Bad visibility to sides down. Would rather have F4U or F6F for Pacific -1. I would not consider this a modern fighting aircraft. Poor coordination of control forces and effectiveness, combined with very weak directional stability make it a poor gun platform, and its manueverability rating is so low as to preclude its use in modern combat - 1. As a fighter bomber - good; for fighter sweep-just fair; as escort - poor - 1.

Good due to 1) Twin engine reliability; 2) altitude performance; 3) good accelerated stall; 4) versatility; 5) dive recovery flaps which make prolonged zero lift possible - 1.

Apart from very queer aelerons, the aircraft is quite pleasant to fly, and would probably make a very good strike fighter. There is, however, an objectionable wobble in bumpy air- 1. An excellent escort fighter. Speed should be sufficient for most present day Jap fighters. View is poor - too many struts in the way. Rudder makes aircraft very hard to manuever on first flight - 1. Too complicated and full of gadgets - would make unserviceability rate very high - 1. Query on maintenance and operational problems with liquid cooled engines in hot climates - 1. Too much mechanical equipment for one man to operate in combat - 1. Record speaks for itself - 1.
 
P. 87

Colonel Garman: "I can speak only for the African theatre and only for a particular type of operation.

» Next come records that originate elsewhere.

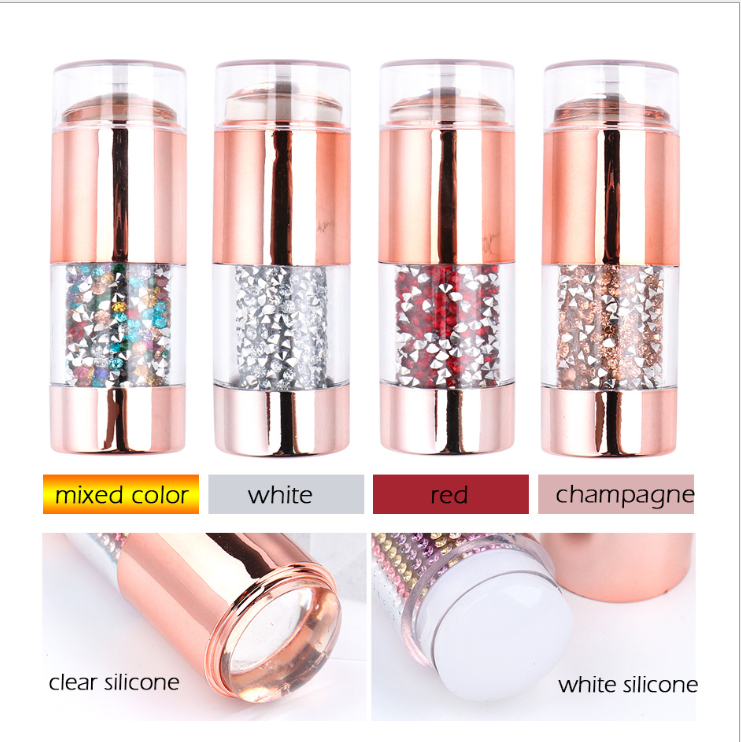 Manicure Implement Champagne Colorful Crystals Template Transfer Marker Pen Double-Headed Silicone Diamond Seal
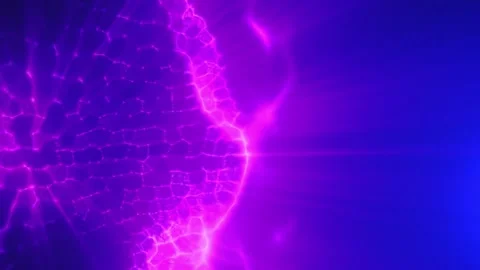 Glowing purple network mesh forms an undulating digital landscape Stock Footage 343664764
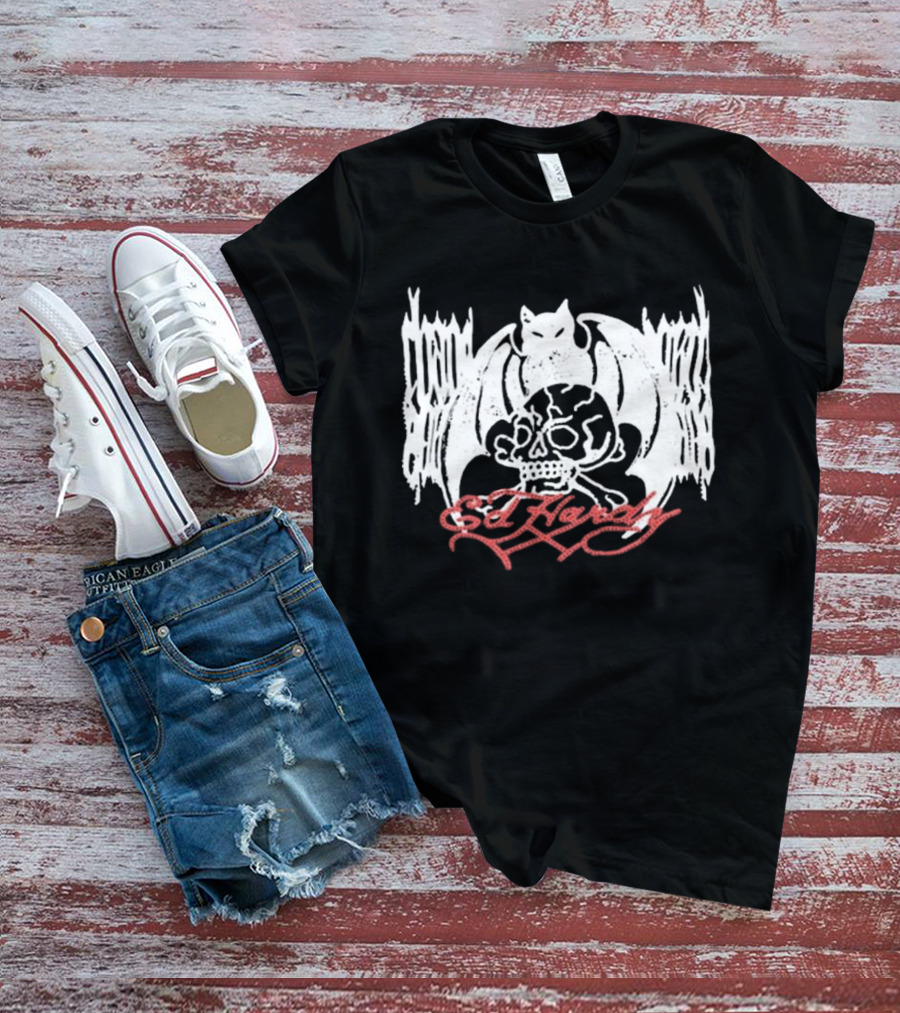 Ed Hardy Skull And Bat T-Shirt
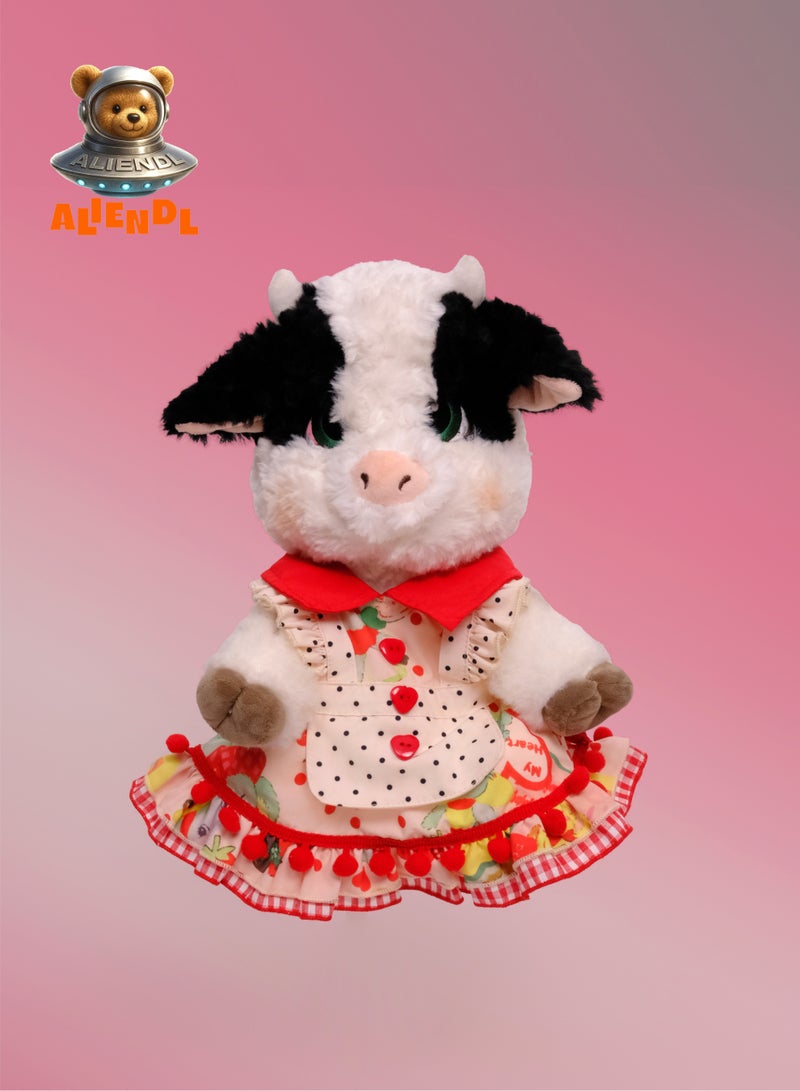 ALIENDL Sweet Calf – Plush Cow Stuffed Animal Toy for Baby Kids, Soft Cute Cow Plush Farm Animal Gift Set with Removable Clothes & Pouch, Perfect Gift for Kids, Friends & Couples - Image 2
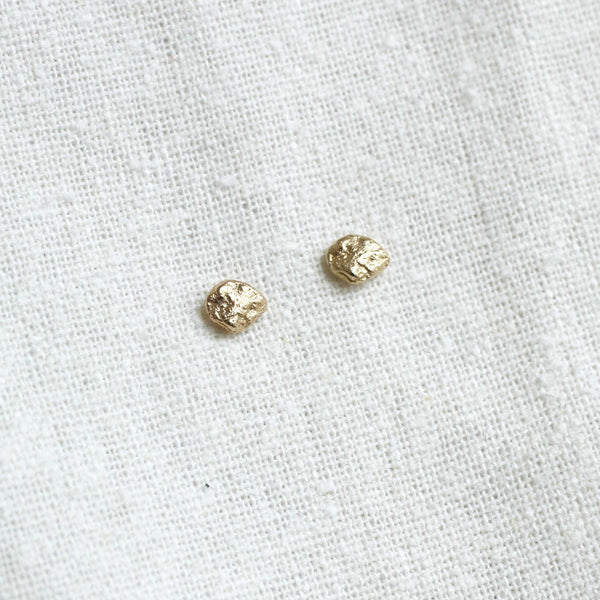 Thicket jewelry Gold Ocean Pebble Stud earrings 14k recycled gold handmade in Portland Maine New England shop Boston sowa gift store boutique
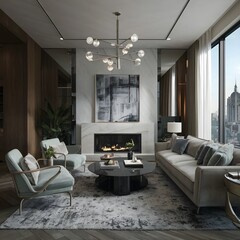 beautiful modern living room design by a architect in a apartment with view on the city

The P-38 was used at low altitude on many occasions and we found that it was quite vulnerable to ground fire - any type of ground fire, even small arms fire. But other planes also experienced that same ground fore and the radial engines brought the planes home. You can't lay down any hard and fast rule and say the in-line engine is no good at low altitude as far as ground fire is concerned, It all depends on the operation entirely."

Lietenant Colonel Tyler: "We have data which shows that in the entire European theatre the P-47 is much better able to take punishment and return after any sort of mission - either ground attack or any mission which incurs damage. That may be due to the P-47 airplane or due to the air-cooled feature. We don't know which, but it certainly can take it better than other types."